Special note for P'[' and P']' or P'{' and P'}'

Picture String Examples

Using Picture strings as the TO operand of a CHANGE command

SPFLite Format Change Strings

Displayable and non-displayable characters


Introduction


IBM ISPF users are familiar with Picture strings.  These are used to perform pattern-matching for the search-string part of FIND and CHANGE commands, and for selectively changing text to upper-case or lower-case in the change-string part of CHANGE.  Pictures are like a simple form of regular expression.  When IBM first introduced them in ISPF, they were a novel and innovative feature for their time, but by today's standards they may seem quite rigid and limited.  Still, because Pictures are easier to use than regular expressions, they remain useful.  And, as implemented in SPFLite, they are far more useful than IBM's.  SPFLite's implementation of Picture strings is more extensive than in ISPF, and includes support for the Picture-like Format string.


A picture or format string in a FIND, CHANGE, EXCLUDE, SPLIT or JOIN command allows you to search for a particular category of character, rather than looking for a specific literal character value.  


Picture and Format strings are very similar.  However, Format strings may only be used as the string-2 change-string operand in CHANGE, SPLIT and JOIN commands.


The SPLIT and JOIN primary commands use some additional special characters.


New variations on P'!' now also allow you to copy arbitrary text and perform case conversion at the same time.


When a FIND or CHANGE search picture uses the special characters = or . and a character that cannot be displayed is found, that character's hexadecimal representation is used in the confirmation message that appears in the upper-right corner of the Edit or Browse screen.  For example, the command FIND P'..' could result in the message CHARS X'0415' found.  This change was made to be compliant with how ISPF handles this situation.  


Picture Strings


You can use special characters within the picture string to represent the kind of character to be found, as follows.  Note that SPFLite does not support the ISPF APL pictures P'_' and P'÷', and will will treat these as ordinary data characters.


P'='

Any character


P'^' or P'¬'

Any character that is not a blank.  Both P'^' and P'¬' work identically.

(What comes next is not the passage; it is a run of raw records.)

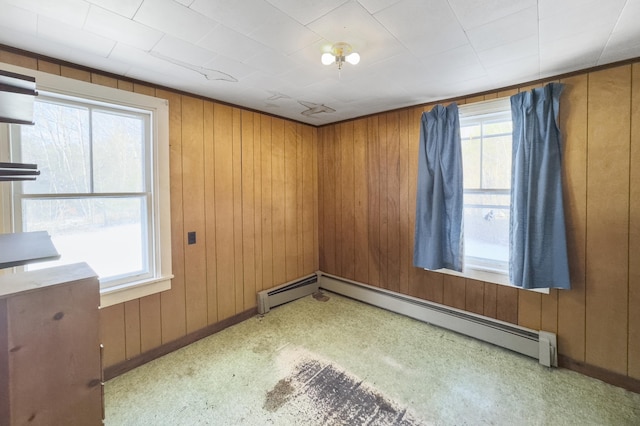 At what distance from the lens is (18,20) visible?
1459mm

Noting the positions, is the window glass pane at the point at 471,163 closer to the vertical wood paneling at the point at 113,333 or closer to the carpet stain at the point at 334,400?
the carpet stain at the point at 334,400

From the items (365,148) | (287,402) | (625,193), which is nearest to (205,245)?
(287,402)

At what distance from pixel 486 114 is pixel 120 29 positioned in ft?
9.23

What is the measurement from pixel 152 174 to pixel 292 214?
1711 mm

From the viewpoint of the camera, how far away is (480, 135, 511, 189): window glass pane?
2.49 m

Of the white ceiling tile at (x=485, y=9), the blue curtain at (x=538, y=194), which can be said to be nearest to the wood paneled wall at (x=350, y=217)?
the blue curtain at (x=538, y=194)

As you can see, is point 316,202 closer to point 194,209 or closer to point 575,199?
point 194,209

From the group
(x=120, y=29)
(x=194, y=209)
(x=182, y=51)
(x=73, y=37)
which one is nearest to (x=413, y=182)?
(x=194, y=209)

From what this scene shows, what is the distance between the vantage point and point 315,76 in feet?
7.24

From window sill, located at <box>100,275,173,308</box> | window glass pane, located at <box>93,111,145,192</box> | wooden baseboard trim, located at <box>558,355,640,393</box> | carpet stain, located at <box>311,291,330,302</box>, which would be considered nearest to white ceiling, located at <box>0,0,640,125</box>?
window glass pane, located at <box>93,111,145,192</box>

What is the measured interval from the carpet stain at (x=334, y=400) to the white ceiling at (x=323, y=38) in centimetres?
232

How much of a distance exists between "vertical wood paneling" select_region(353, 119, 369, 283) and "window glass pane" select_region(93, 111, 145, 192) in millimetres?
2297

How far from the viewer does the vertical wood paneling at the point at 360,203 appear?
3.47m

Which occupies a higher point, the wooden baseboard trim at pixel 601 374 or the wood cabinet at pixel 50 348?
the wood cabinet at pixel 50 348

Note that ¬ can be either the ANSI ¬ character (X'AC') or the the OEM ¬ character (X'AA').  You should select the character that displays properly with your chosen editor font, but either one will work.


P'#'

Any numeric character, 0-9

Note that the three special superscript characters in ANSI for ¹, ² and ³ are not considered numeric.


P'-'

Any non-numeric character. which is any character not matching a Picture of P'#'


P'.'

Any non-displayable character; that is, any character not in the Normal list in Global Options


P'@'

Any alphabetic character, uppercase or lowercase.  This includes the non-English letters in the ANSI character set.


P'<'

Any lowercase alphabetic character.  This includes the non-English letters in the ANSI character set.


P'>'

Any uppercase alphabetic character.  This includes the non-English letters in the ANSI character set.


P'$'

Any special character, neither alphabetic nor numeric.  


P'%'

Any character not defined in the WORD setting.  i.e. a delimiter.


P'&'

Any character defined in the WORD setting.  A span of P'&' characters would be a "user-defined word".


P'!'






P'!='

Allowed only in the change-string.  It represents the entire string value actually found (not the string-1 operand), regardless of its length.  It is allowable to use the ! code multiple times in the change-string; if done, the found string is repeated in the result as many times as the ! code is used.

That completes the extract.